START Input data

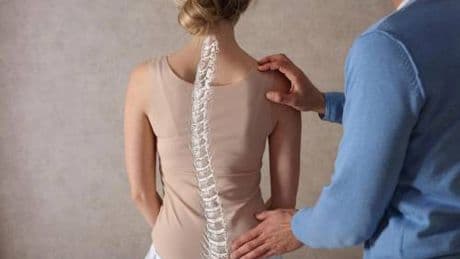 Scoliosi dell'adulto, tutte le novità dai trattamenti alla chirurgia
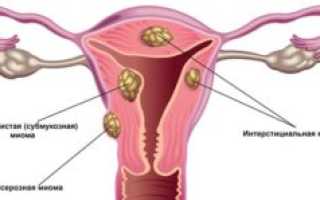 Миома и цистит -есть ли связь?
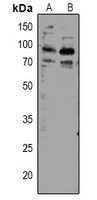 1 - Anti-TORC2 (Phospho-S171) Antibody AP60936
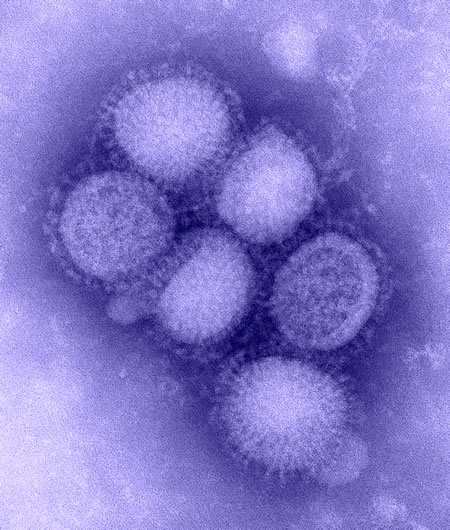 http://www.wabash.edu/images2/news/B00528_H1N1_flu_blue_med(1).jpg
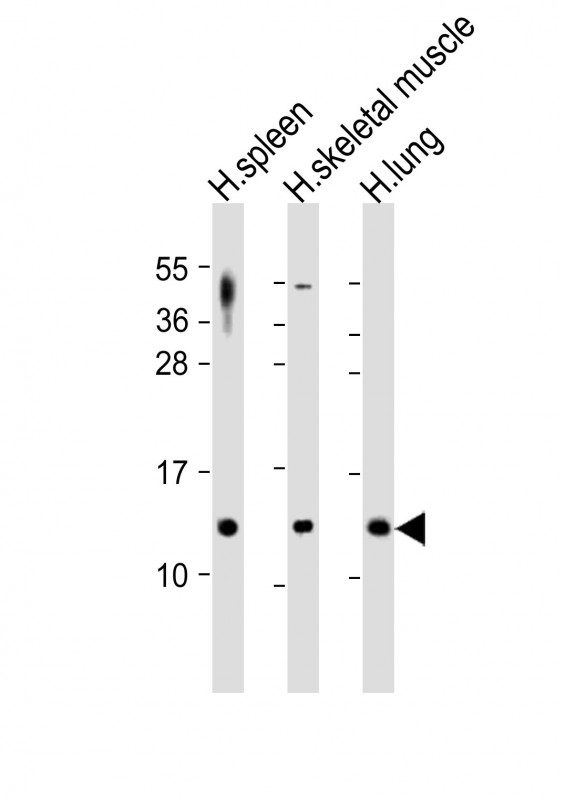 CCL17 / TARC Antibody - All lanes: Anti-CCL17 Antibody at 1:2000 dilution. Lane 1: human spleen lysates. Lane 2: human skeletal muscle lysates. Lane 3: human lung lysates Lysates/proteins at 20 ug per lane. Secondary Goat Anti-Rabbit IgG, (H+L), Peroxidase conjugated at 1:10000 dilution. Predicted band size: 11 kDa. Blocking/Dilution buffer: 5% NFDM/TBST.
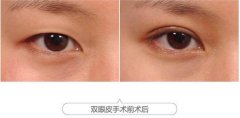 ͺظpƤX(qin)?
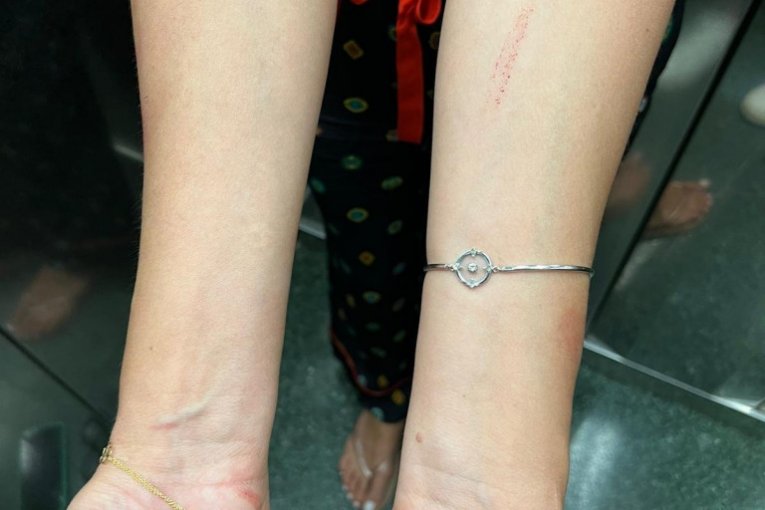 Severina nakon tuče sa sestrom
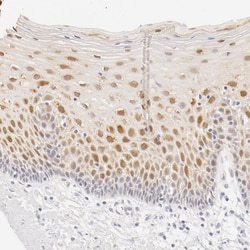 Invitrogen Galectin 7 Polyclonal Antibody 100 &mu;L; Unconjugated:Antibodies,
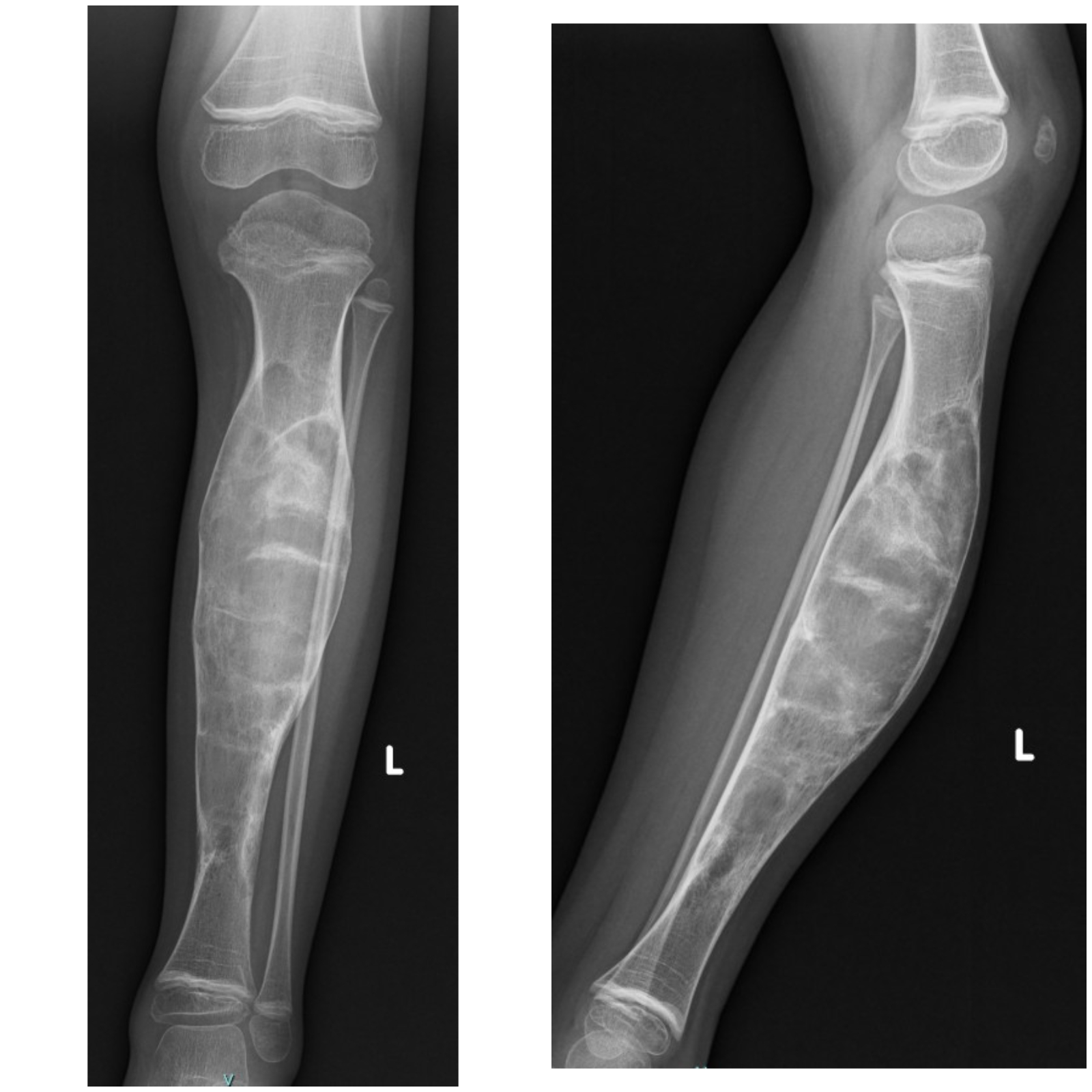 AP and lateral X-rays of the left tibia in a 4-year-old child showing osteofibrous dysplasia — a lytic, intracortical lesion in the anterior mid-diaphysis of the tibia with a sclerotic rim and mild anterior bowing, managed with observation.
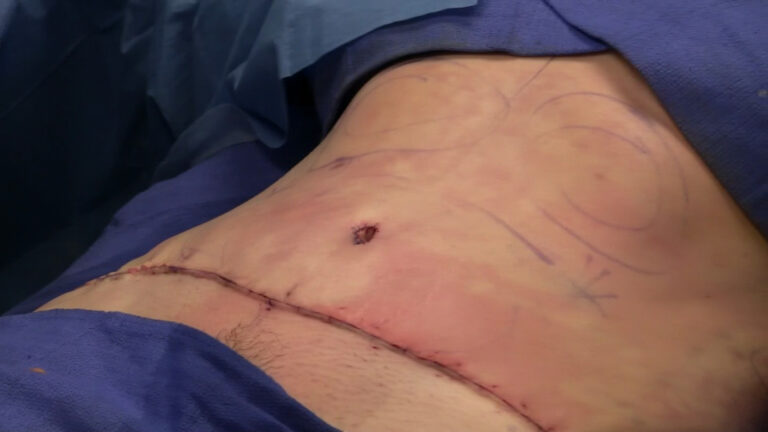 Abdominoplasty completely sutured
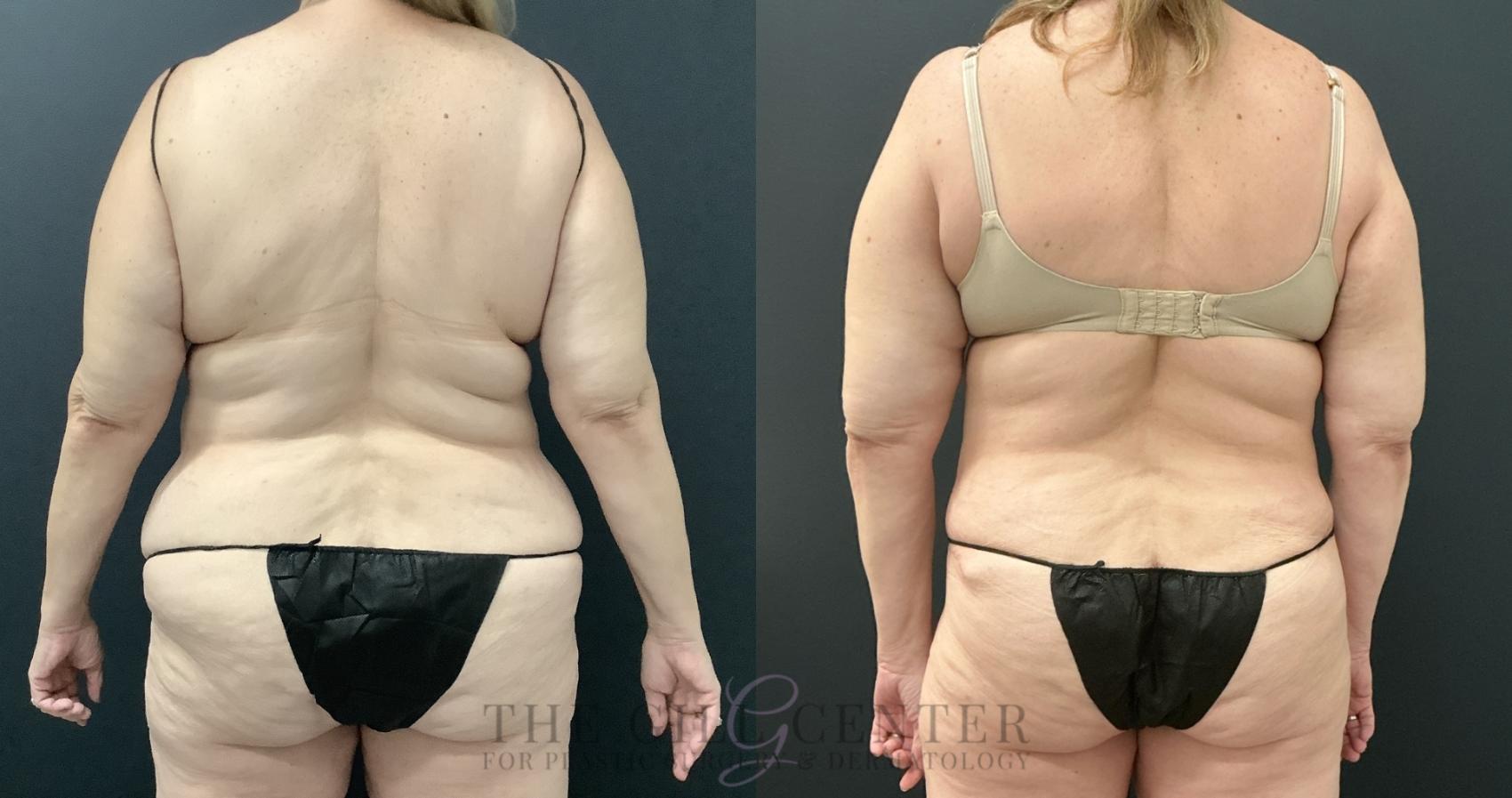 Liposuction Case 804 Before & After Back | The Woodlands, TX | The Gill Center for Plastic Surgery and Dermatology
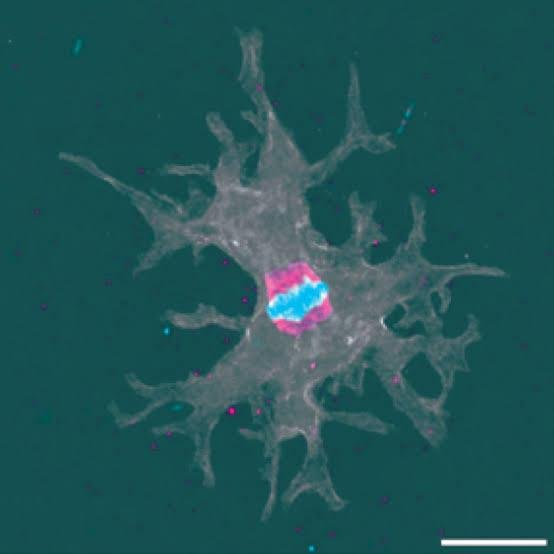 Incendiamoeba Cascadensis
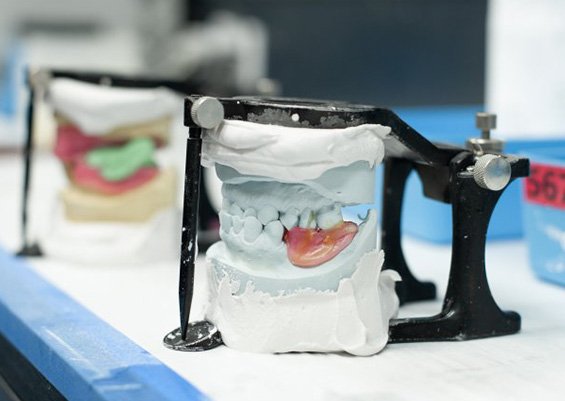 Dentures being crafted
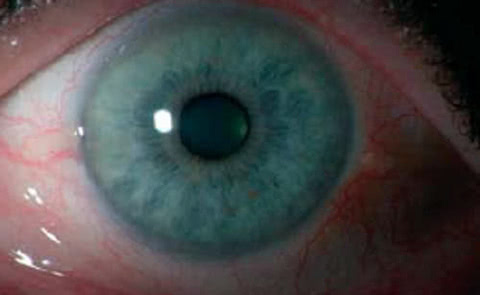 Bild Trockenes_Auge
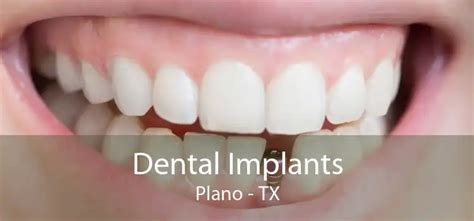 Dental Implants Plano, TX - Local Dental Implants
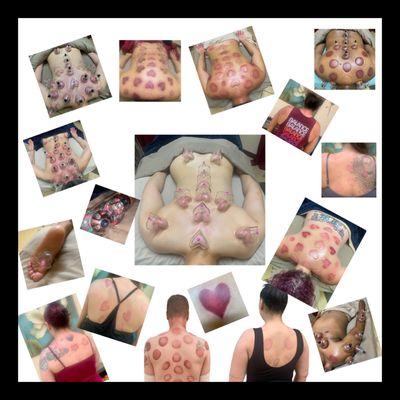 Cupping Therapy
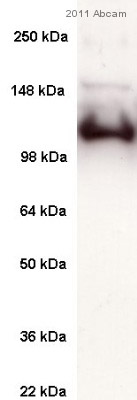 Western blot - Anti-SERCA1 ATPase antibody [VE121G9] (ab2819), expandable thumbnail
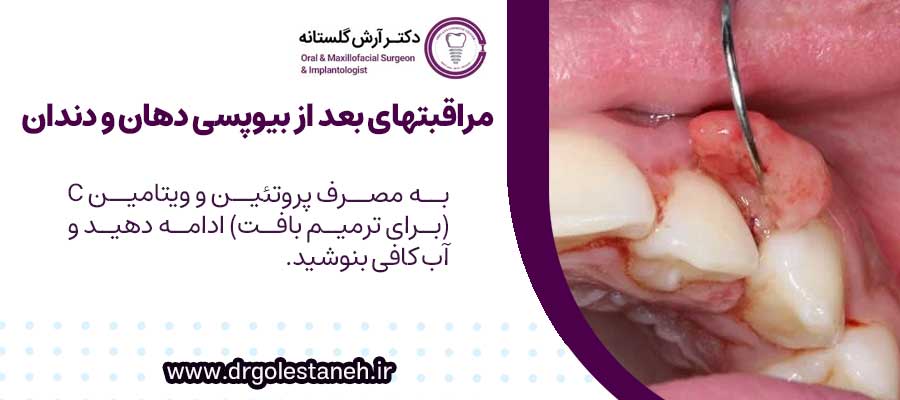 مراقبتهای بعد از بیوپسی دهان و دندان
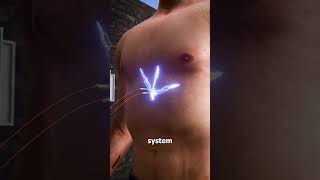 How A Taser Works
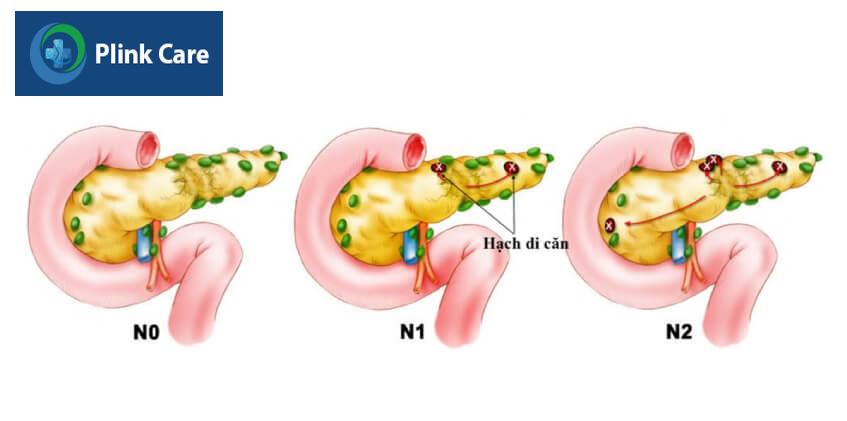 ung thư tuyến tụy phân đoạn n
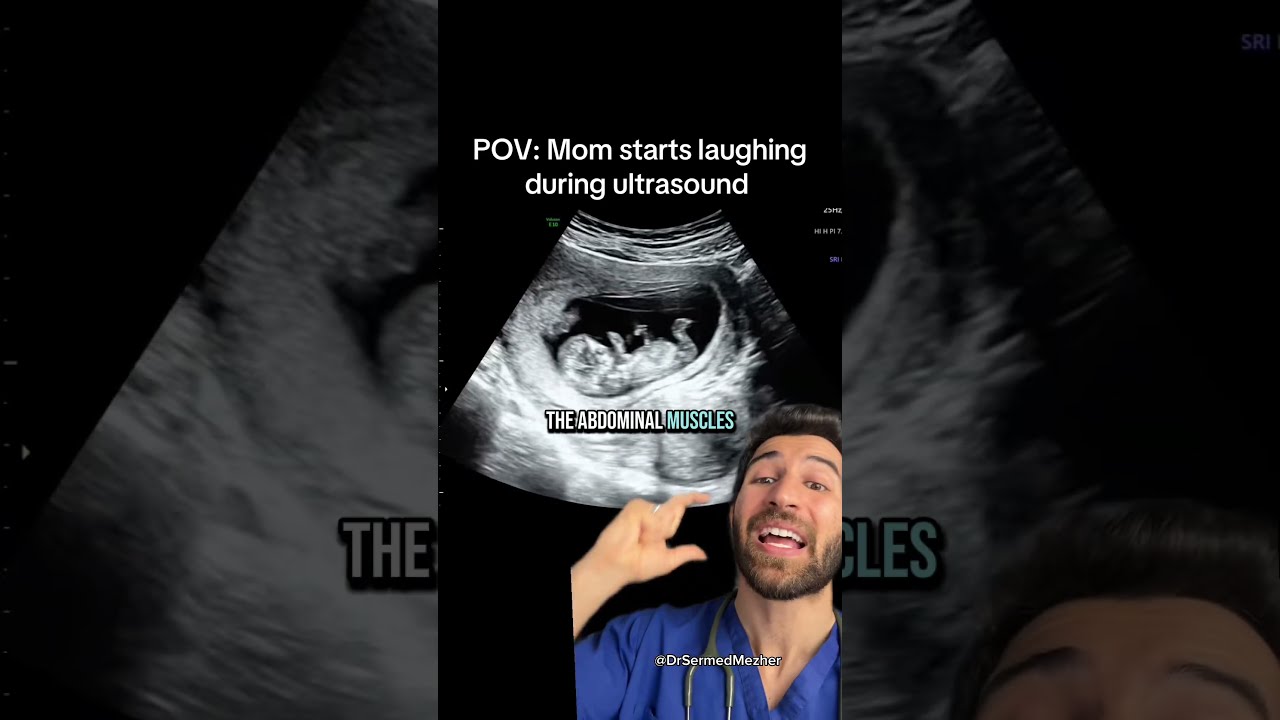  POV You Sneezed While Pregnant Shock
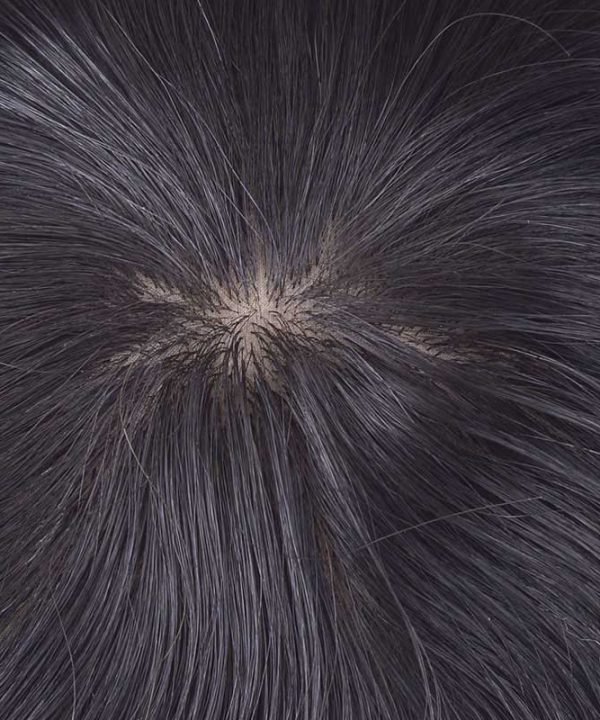 ST Silk Top Hair Patch for Men Men’s Toupee Manufacturer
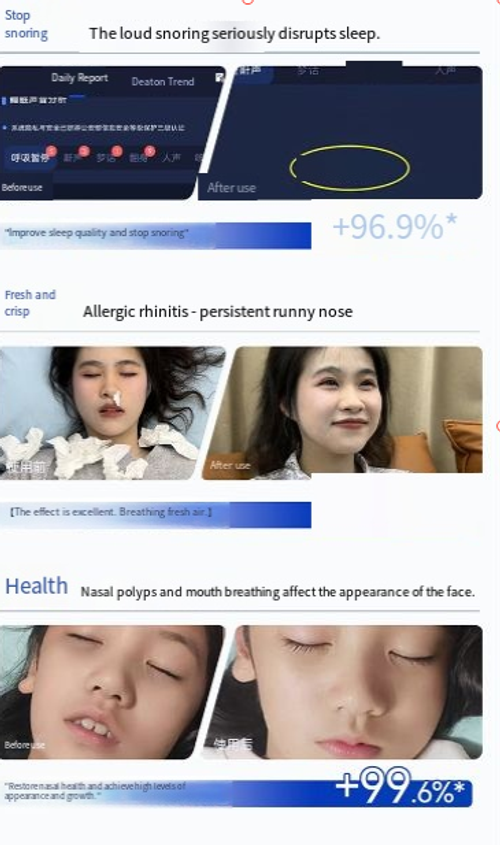 Trate várias rinites, o adesivo de sensibilidade nasal infravermelho pode aliviar rapidamente sintomas como congestão nasal, coceira e coriza causada por rinite alérgica e crônica.  Se você fizer um pedido hoje, receberá um total de 5 caixas, com cada caixa contendo 6 adesivos.  Tome um adesivo por dia para um tratamento de 5 caixas.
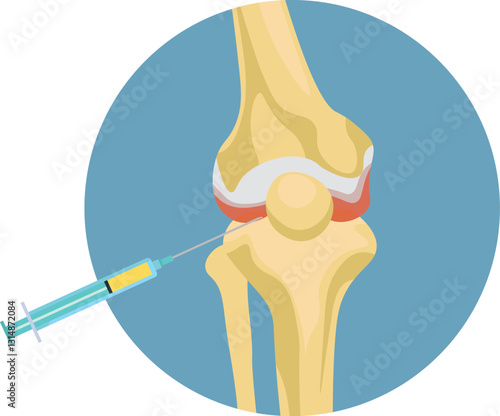 corticosteroids, hyaluronic acid, or platelet-rich plasma (PRP), and are administered directly into the affected join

END Input data

## Exercise goal
Copy all the material above exactly, but skip each image.

## Expected answer
 Scoliosi dell'adulto, tutte le novità dai trattamenti alla chirurgia
 Миома и цистит -есть ли связь?
 1 - Anti-TORC2 (Phospho-S171) Antibody AP60936
 http://www.wabash.edu/images2/news/B00528_H1N1_flu_blue_med(1).jpg
 CCL17 / TARC Antibody - All lanes: Anti-CCL17 Antibody at 1:2000 dilution. Lane 1: human spleen lysates. Lane 2: human skeletal muscle lysates. Lane 3: human lung lysates Lysates/proteins at 20 ug per lane. Secondary Goat Anti-Rabbit IgG, (H+L), Peroxidase conjugated at 1:10000 dilution. Predicted band size: 11 kDa. Blocking/Dilution buffer: 5% NFDM/TBST.
 ͺظpƤX(qin)?
 Severina nakon tuče sa sestrom
 Invitrogen Galectin 7 Polyclonal Antibody 100 &mu;L; Unconjugated:Antibodies,
 AP and lateral X-rays of the left tibia in a 4-year-old child showing osteofibrous dysplasia — a lytic, intracortical lesion in the anterior mid-diaphysis of the tibia with a sclerotic rim and mild anterior bowing, managed with observation.
 Abdominoplasty completely sutured
 Liposuction Case 804 Before & After Back | The Woodlands, TX | The Gill Center for Plastic Surgery and Dermatology
 Incendiamoeba Cascadensis
 Dentures being crafted
 Bild Trockenes_Auge
 Dental Implants Plano, TX - Local Dental Implants
 Cupping Therapy
 Western blot - Anti-SERCA1 ATPase antibody [VE121G9] (ab2819), expandable thumbnail
 مراقبتهای بعد از بیوپسی دهان و دندان
 How A Taser Works
 ung thư tuyến tụy phân đoạn n
  POV You Sneezed While Pregnant Shock
 ST Silk Top Hair Patch for Men Men’s Toupee Manufacturer
 Trate várias rinites, o adesivo de sensibilidade nasal infravermelho pode aliviar rapidamente sintomas como congestão nasal, coceira e coriza causada por rinite alérgica e crônica.  Se você fizer um pedido hoje, receberá um total de 5 caixas, com cada caixa contendo 6 adesivos.  Tome um adesivo por dia para um tratamento de 5 caixas.
 corticosteroids, hyaluronic acid, or platelet-rich plasma (PRP), and are administered directly into the affected join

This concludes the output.